Merton's Values (NJ7)


I have been thinking about Thomas Merton’s passage “Rain and the Rhinoceros.”  While I do not feel as if I am an outsider in the city as he does, I think he reflects on some important concepts that evade most people. His initial quip about the rain becoming sold as a commodity one day started his argument that some believe that “what has no price has no value.”  I have always been fascinated by the relationship between price and value when considering products or services.  Often, people are terrible at determining the value of something without considering its price. We have been taught to understand that “you get with you pay for” so an expensive item must be more valuable than its cheaper counterpart. With that said, how do we determine the value of the land without a price tag? Is it even fair to put a monetary value on something that existed far before us?
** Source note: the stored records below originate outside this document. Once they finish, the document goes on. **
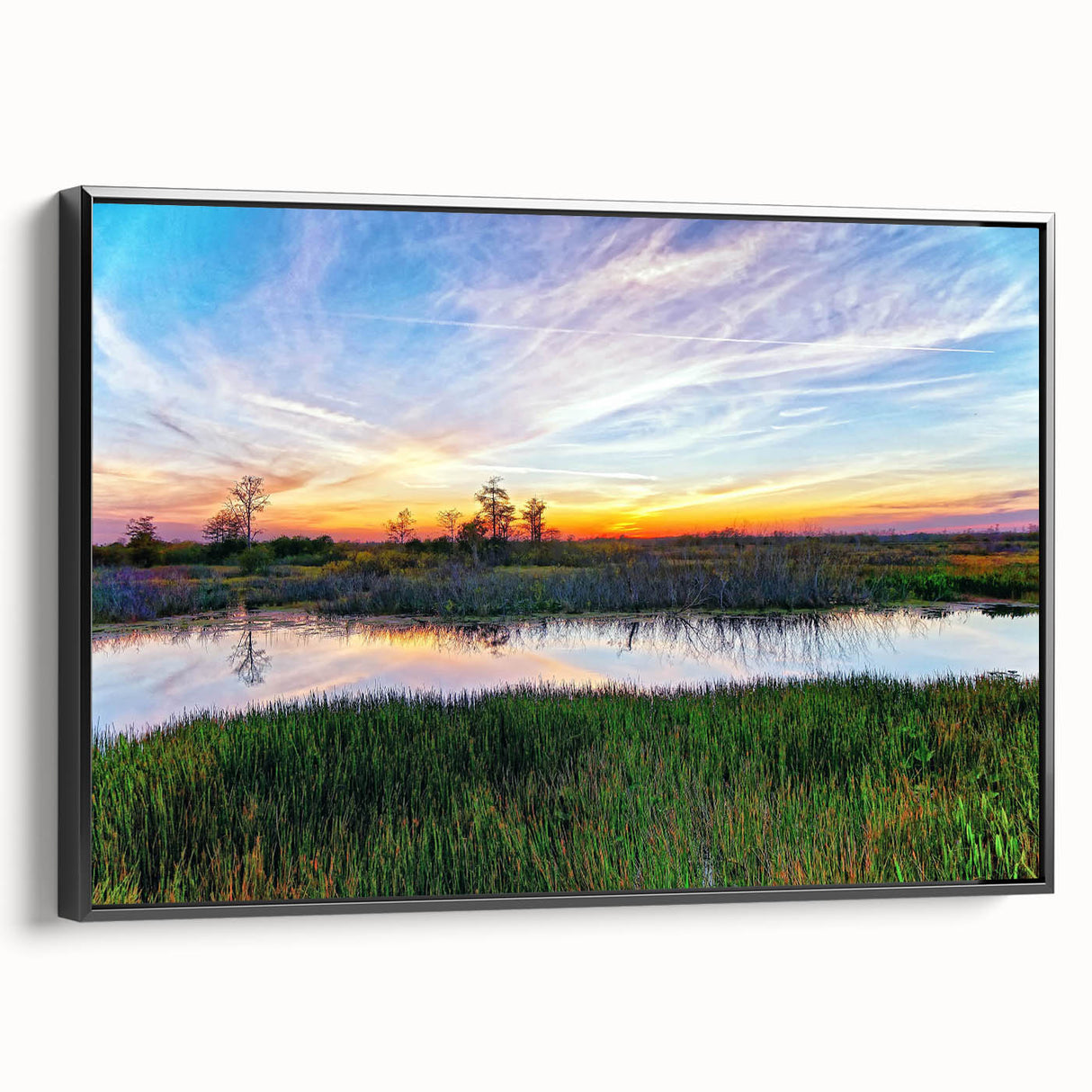 Framed canvas wall art showcasing a serene marsh landscape with vibrant greenery and a tranquil waterway, designed to enhance home decor with nature-inspired aesthetics.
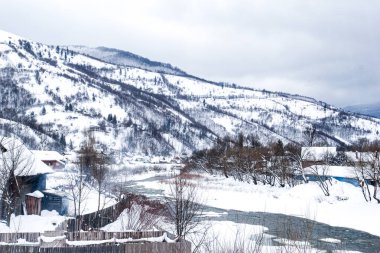 Kış dağı nehri. Bir sürü karlı ve ağaçlı yüksek tepeler.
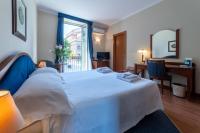 Posteľ alebo postele v izbe v ubytovaní Massimo Plaza Hotel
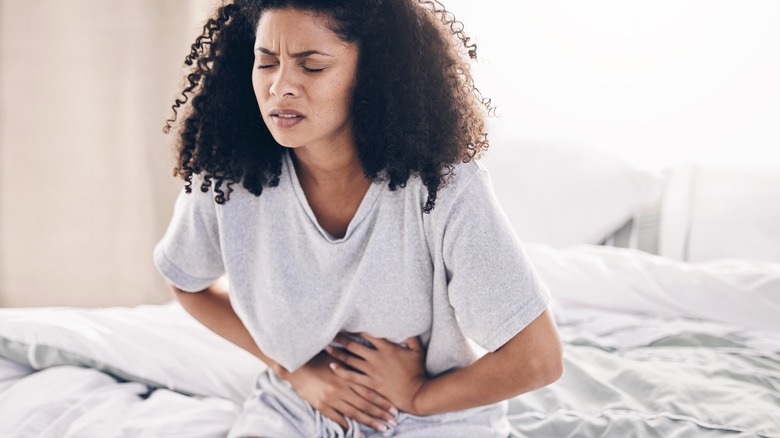 Woman on bed with stomach pain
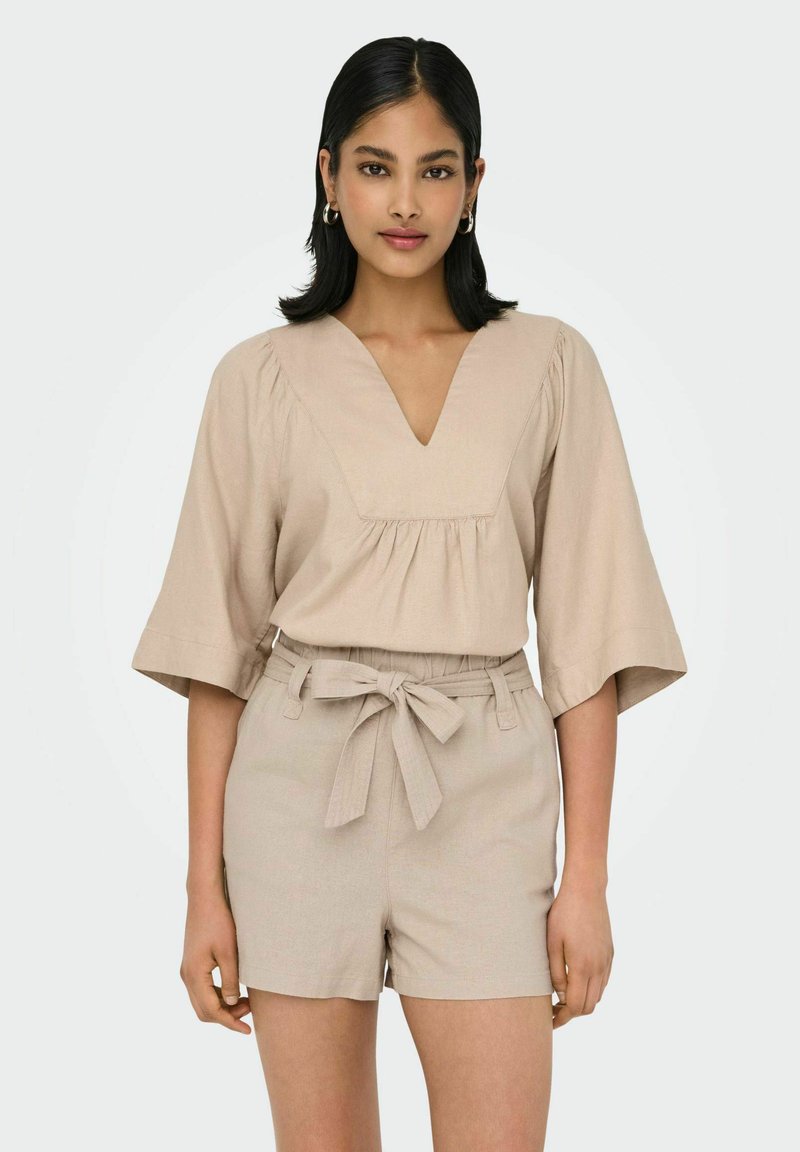 Beige Leinenoberteil mit V-Ausschnitt und kurzen Glockenärmeln, kombiniert mit passenden Hochbundshorts, die eine taillierte Akzentuierung aufweisen.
I was thinking about these questions when Michelle was talking on Wednesday about how Fort Worth bought the land from ranchers. I wonder how they decided on a price and if that price reflect the land’s value.  Honestly, I had no idea the Fort Worth Nature Reserve would look anything like what we saw. If I had not known any better, I would have predicted we were hours outside the nearest city.  From the service center to our service destination, the road transformed into a tunnel created by the overhanging trees that lead into a world with less distractions and less manmade noise.  Deer, alligators, fish, and birds all curiously peered at us from their homes while I peered back and wondering why I never knew this place existed.